■ **STUDY MATERIAL**
+++++

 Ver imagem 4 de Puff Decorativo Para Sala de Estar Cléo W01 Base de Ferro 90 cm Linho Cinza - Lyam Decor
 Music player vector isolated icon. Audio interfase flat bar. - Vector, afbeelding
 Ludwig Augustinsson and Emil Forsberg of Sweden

+++++

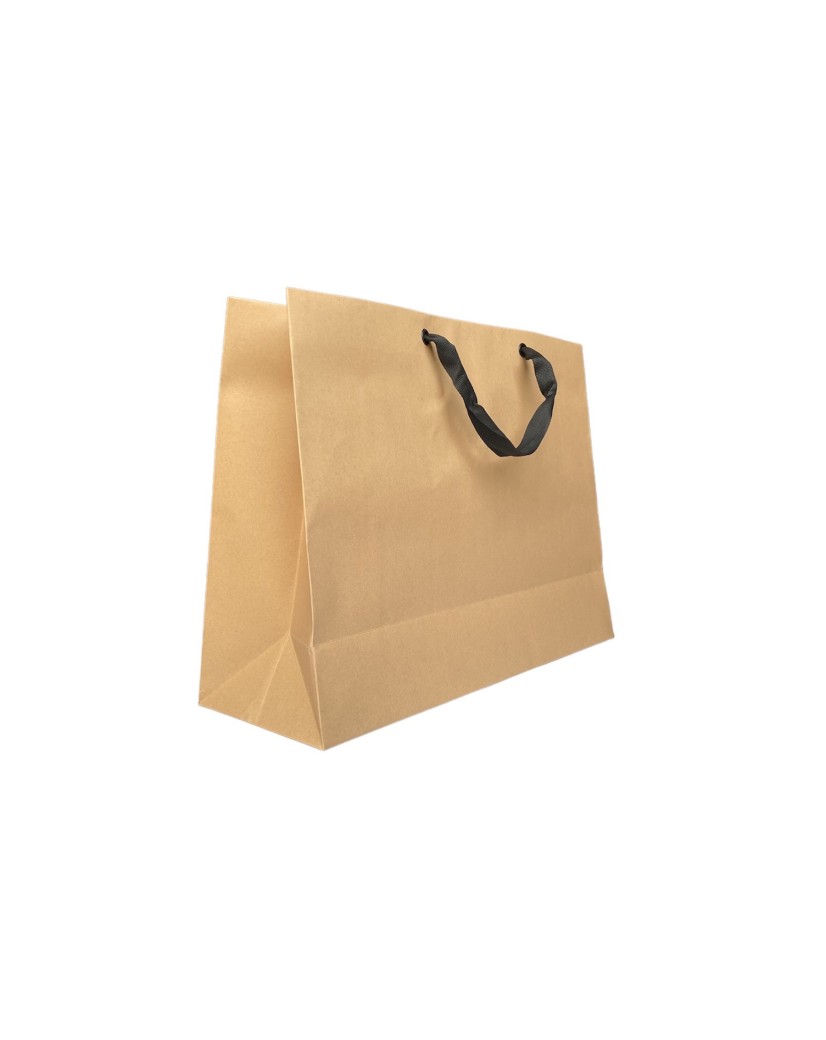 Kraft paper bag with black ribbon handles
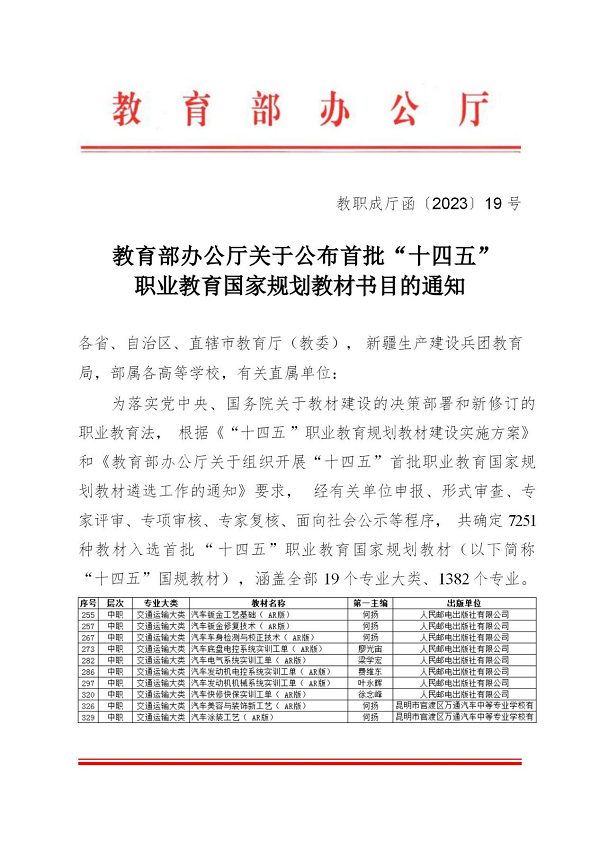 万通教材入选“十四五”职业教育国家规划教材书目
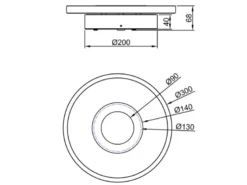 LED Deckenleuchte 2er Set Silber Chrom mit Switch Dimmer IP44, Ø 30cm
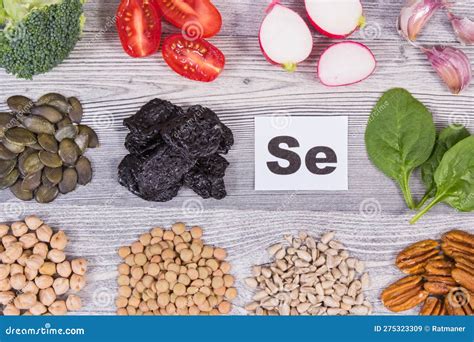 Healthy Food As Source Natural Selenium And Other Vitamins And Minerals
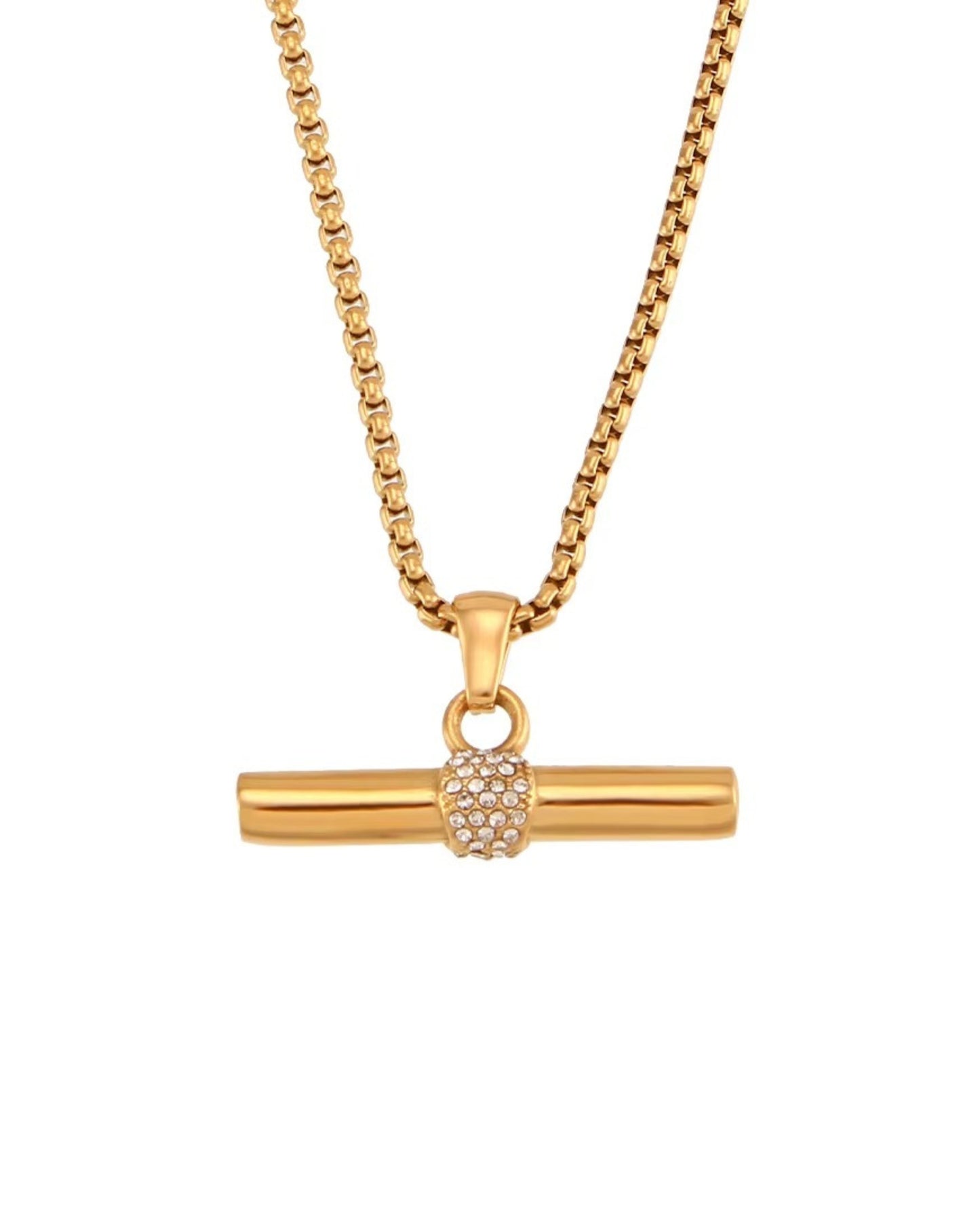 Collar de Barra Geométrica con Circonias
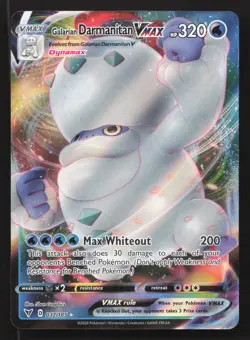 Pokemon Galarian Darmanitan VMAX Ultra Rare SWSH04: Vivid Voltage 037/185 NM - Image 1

+++++

■ **ABOUT THIS TASK**
Each line from the one that contains "LED Deckenleuchte 2er" down to the one that contains "Pokemon Galarian Darmanitan" is to be returned exactly as it stands above, both ends included, with pictures removed.

■ **ANSWER BOX**
 LED Deckenleuchte 2er Set Silber Chrom mit Switch Dimmer IP44, Ø 30cm
 Healthy Food As Source Natural Selenium And Other Vitamins And Minerals
 Collar de Barra Geométrica con Circonias
 Pokemon Galarian Darmanitan VMAX Ultra Rare SWSH04: Vivid Voltage 037/185 NM - Image 1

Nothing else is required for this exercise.